● **Your instructions**:
The required output is the run of lines from the one holding "Kurzarm Basic Shirt mit V-Ausschnitt, camel" through the final line of the listing, restated word for word, with no pictures.

+ + + + +

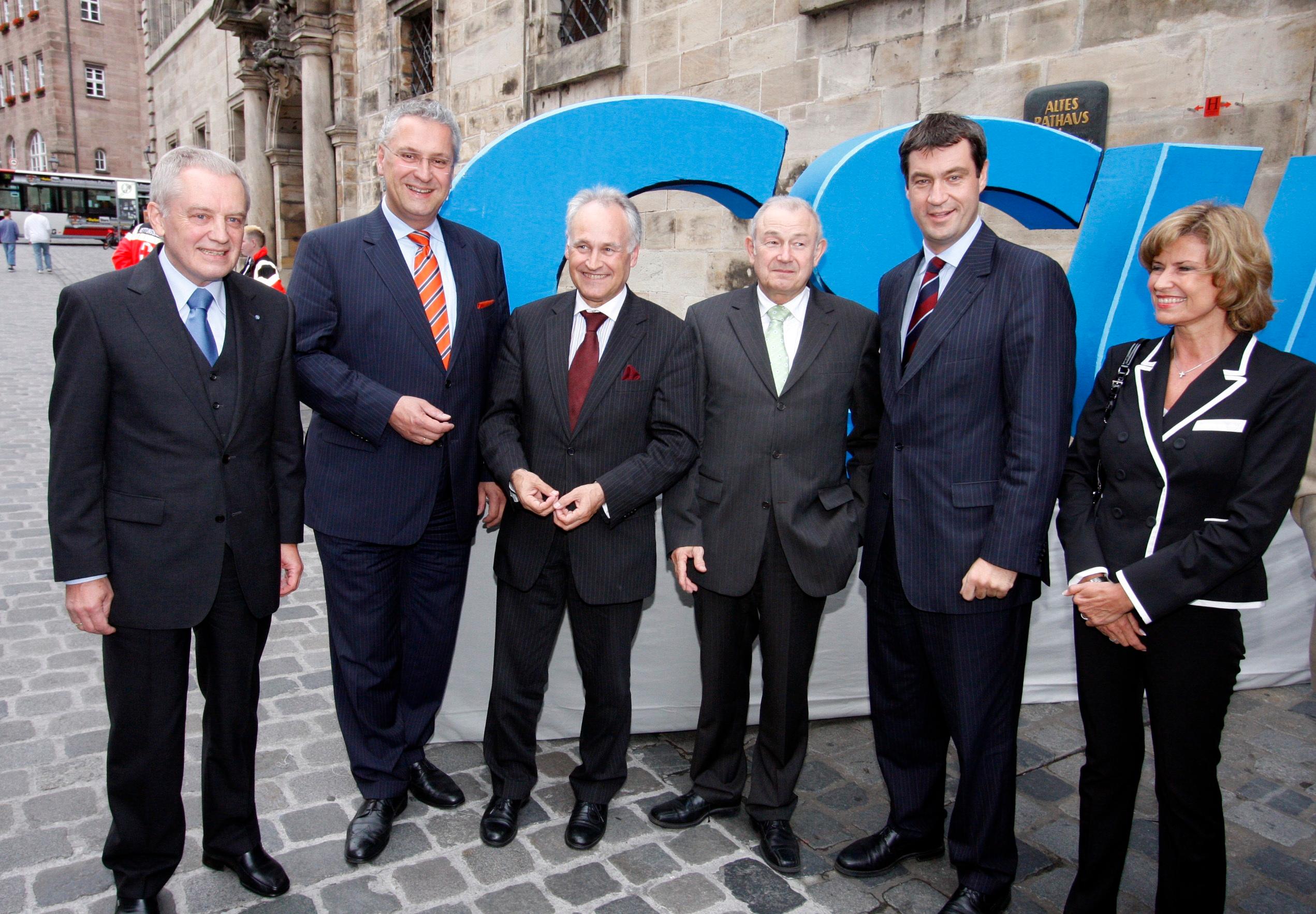  Wenn die CSU das Rathaus stürmt: Hans Peter Schmidt, Joachim Herrmann, Erwin Huber, Günther Beckstein, Markus Söder und Dagmar Wöhrl beim CSU-Empfang 2008.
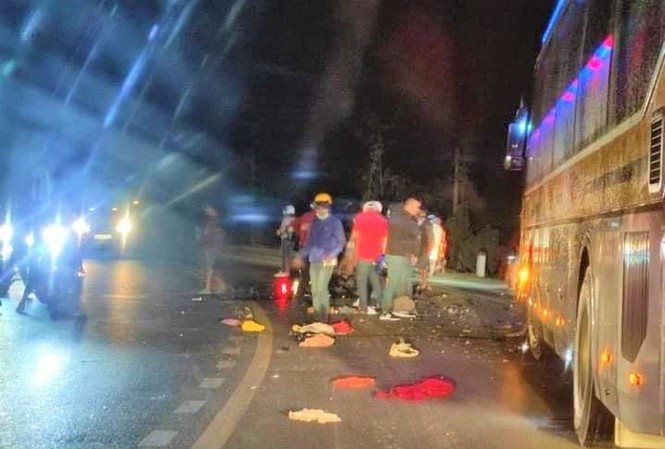  Xe máy tông trực diện, 2 thanh niên tử vong: Đêm 9/2, anh L. Q. T. (19 tuối, trú thôn 2, xã Hòa Tiến, huyện Krông Pắk, Đắk Lắk) điều khiển xe máy tới tỉnh lộ 9 (đoạn qua thôn 1, xã Tân Tiến, cùng huyện Krông Pắk), anh T. bất ngờ va chạm với xe do anh V.V.L. (28 tuổi, trú thôn 5, xã Tân Tiến) điều khiển chạy theo hướng ngược lại. Cú va chạm mạnh khiến 2 thanh niên tử vong tại chỗ, 2 xe máy bị bể nát phần đầu, hư hỏng nặng. 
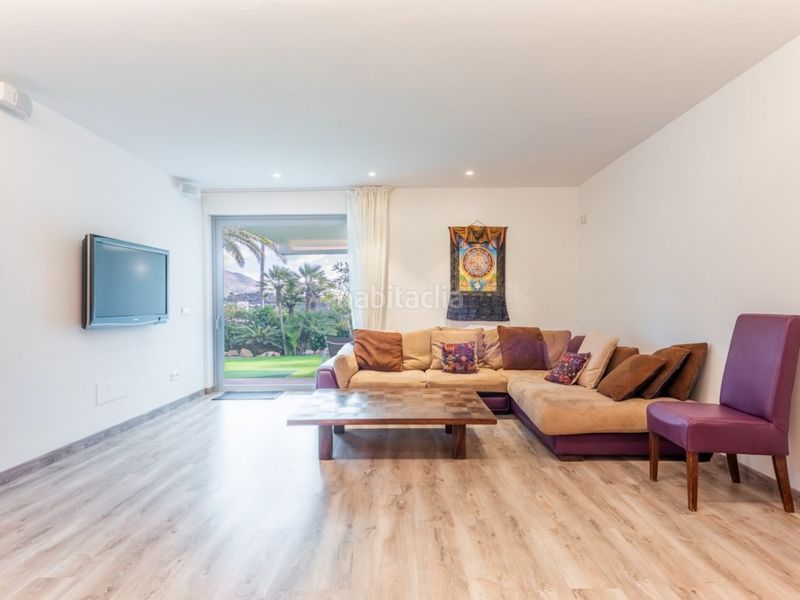 Foto 4cd77a3e-bc96-413e-a809-0d6d61b51e58. Casa amb piscina a Nueva Andalucía centro Marbella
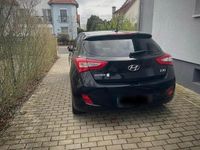 Gebraucht Hyundai i30 105 PS (77 kW) 2014 Schwarz Limousine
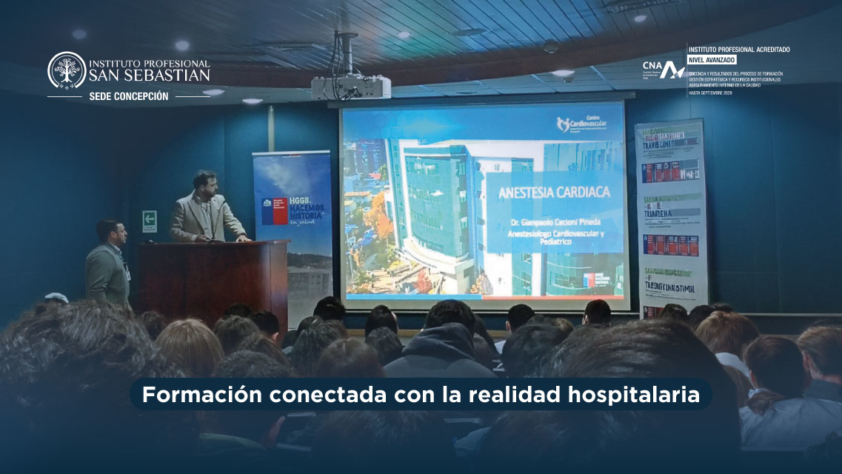 Audience in a conference room watching a presenter at a podium with a large screen showing a medical presentation on cardiac anesthesia; overlay text reads 'Formación conectada con la realidad hospitalaria'.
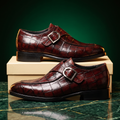 Mocasines de hombre con hebilla decorativa y caña grabada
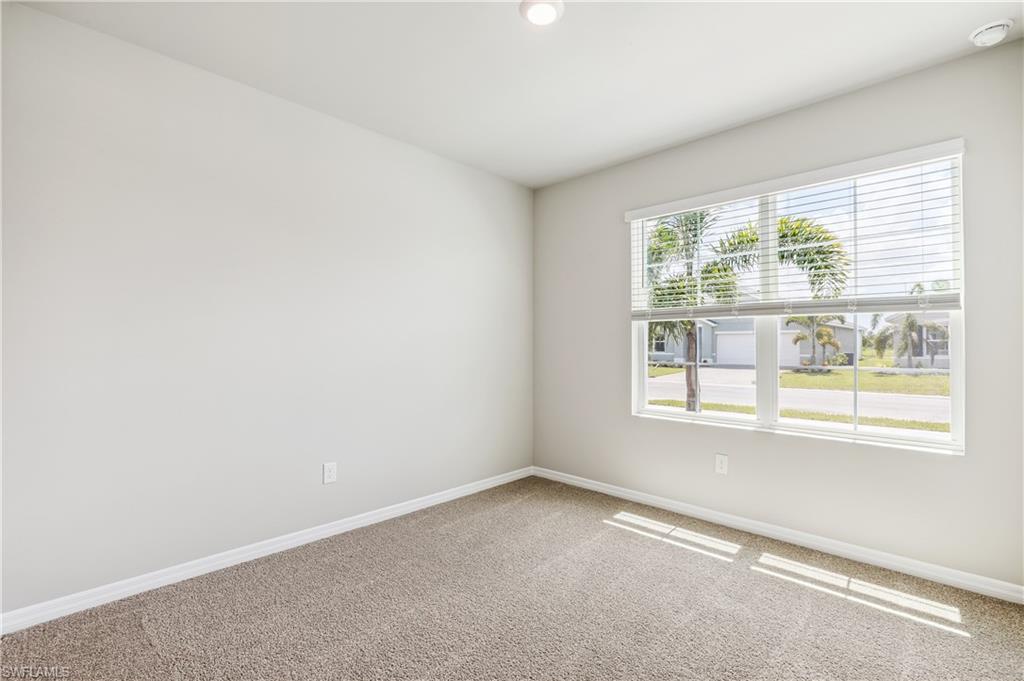 CORAL BAY - Residential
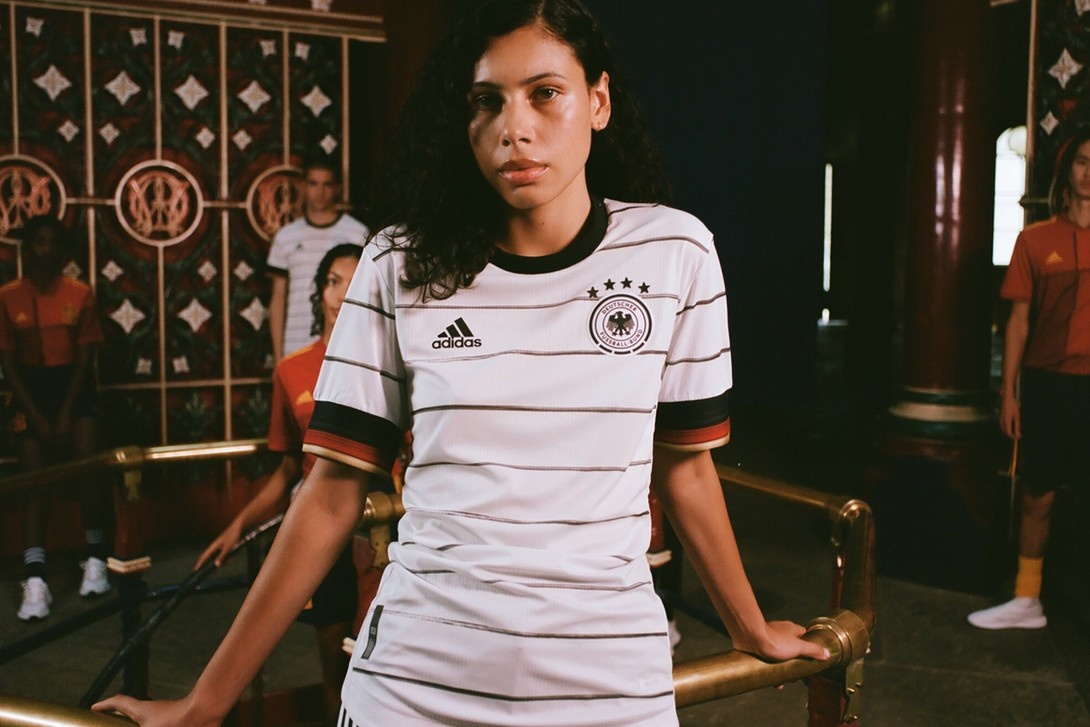 10 mau ao dau dep tai Euro 2020 anh 2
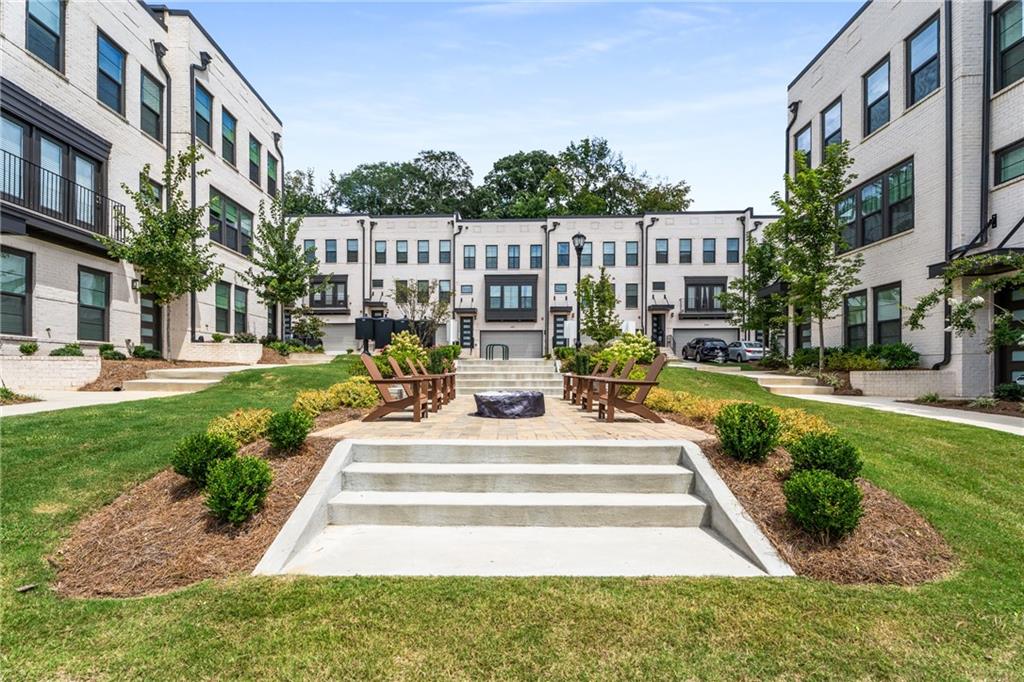 Atlanta, Georgia, 30318, United States, 3 Bedrooms Bedrooms, ,4 BathroomsBathrooms,Residential,For Sale,1911947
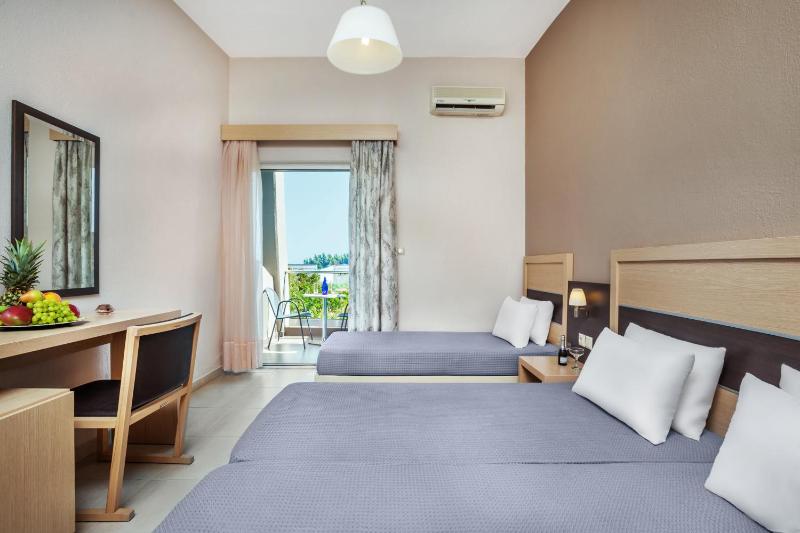Standard Triple Room image 1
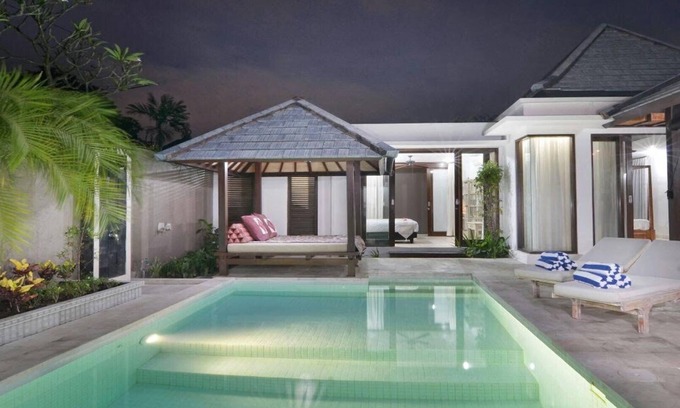 Sanur Kauh Villa | Villa Hibiscus Luxury 4 Bed - 250 meters from beautiful Sanur Beach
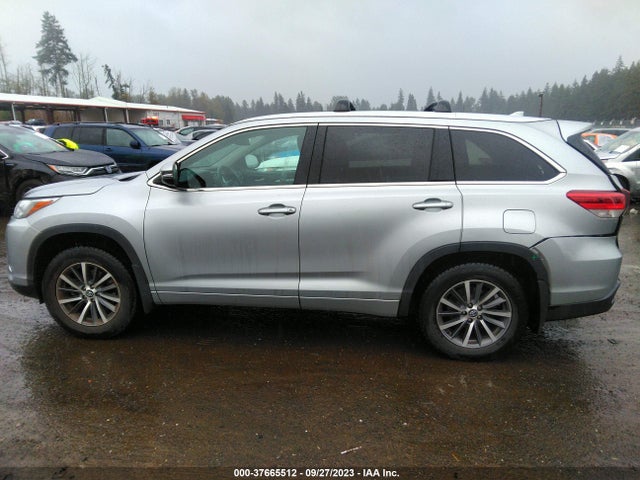 Toyota Highlander Xle/se 2017 5TDJZRFH6HS423928 Image 14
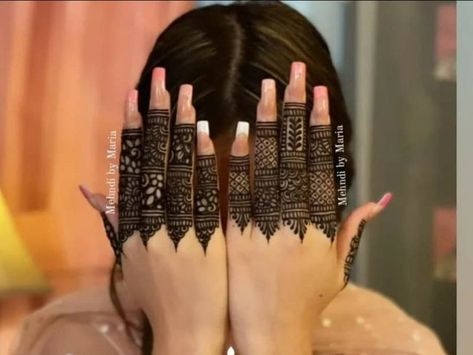 Finger Mehndi Style, Finger Mehndi Designs, Mehandi Design For Hand, Finger Mehendi Designs, Finger Mehndi, Designs Mehndi, Finger Henna Designs, Eid Mehndi Designs, Very Simple Mehndi Designs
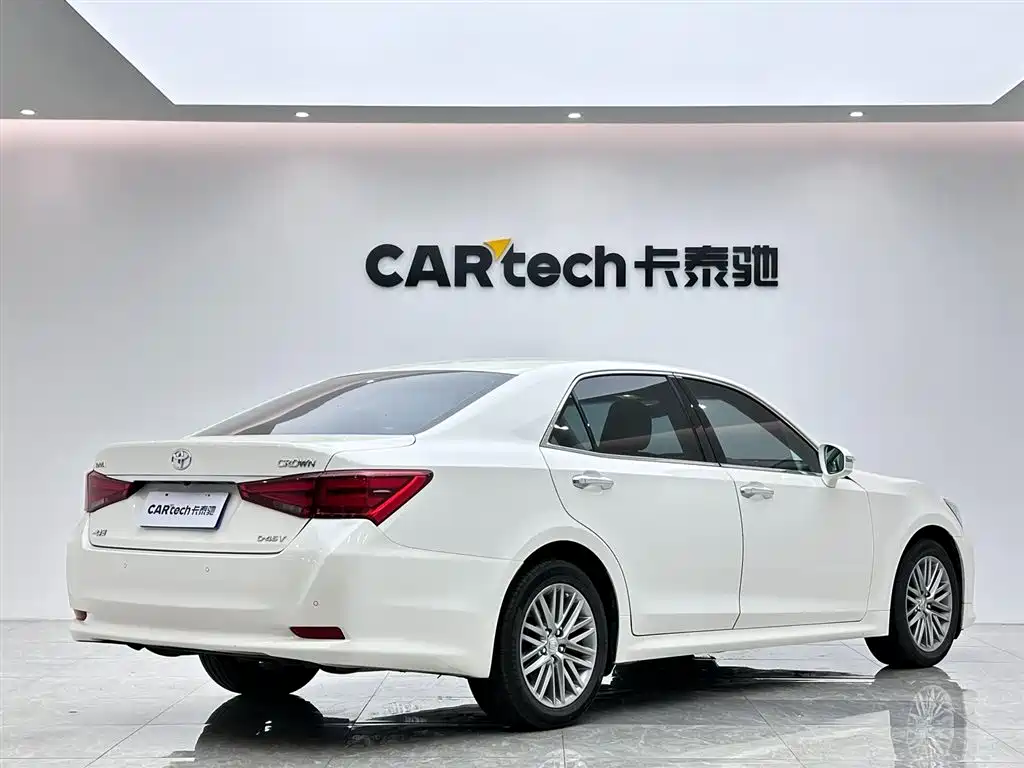 Toyota Crown 2017 — фото 5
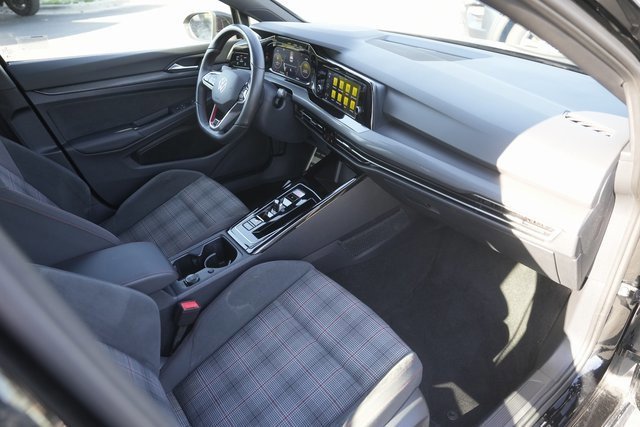 Used 2024 Volkswagen GTI S image 17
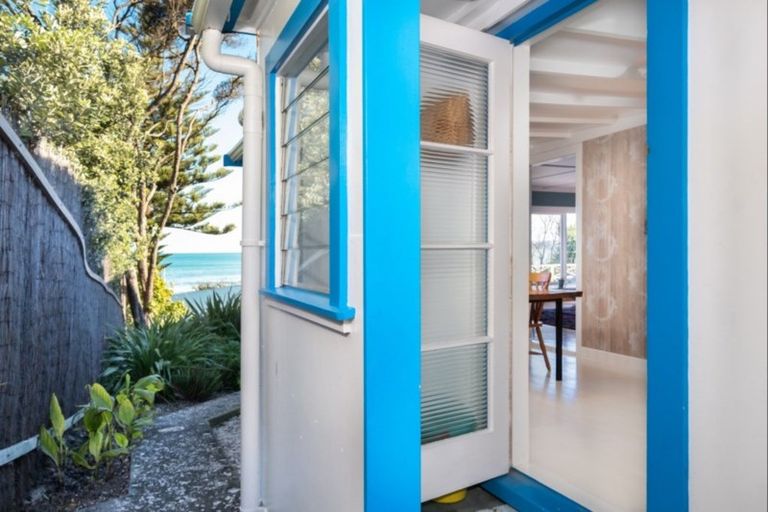 Photo of property in 12 Makorori Beach Road, Makorori, Gisborne, 4073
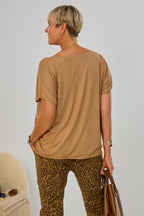 Kurzarm Basic Shirt mit V-Ausschnitt, camel 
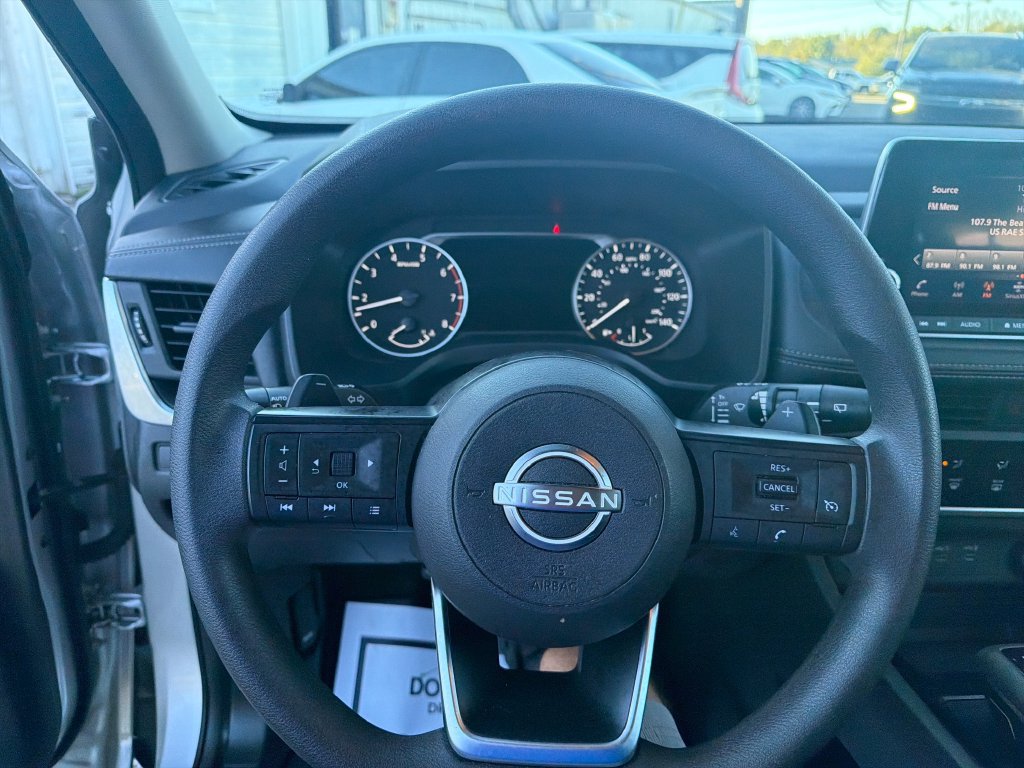 Used 2024 Nissan Rogue S AWD/4WD image 17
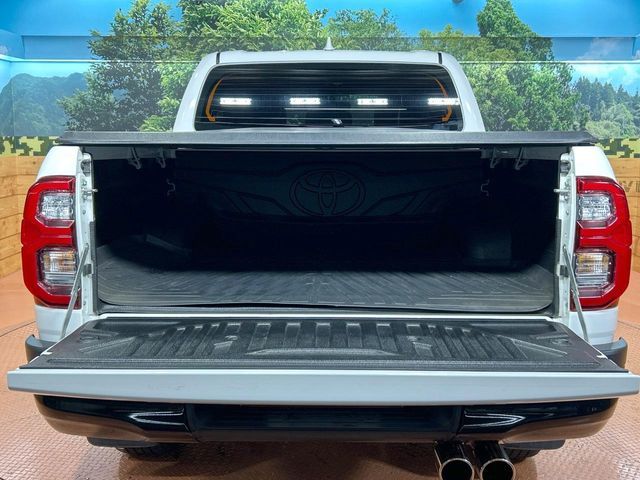 TOYOTA HILUX 4WD 2023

+ + + + +

● **Solution for this task**:
 Kurzarm Basic Shirt mit V-Ausschnitt, camel 
 Used 2024 Nissan Rogue S AWD/4WD image 17
 TOYOTA HILUX 4WD 2023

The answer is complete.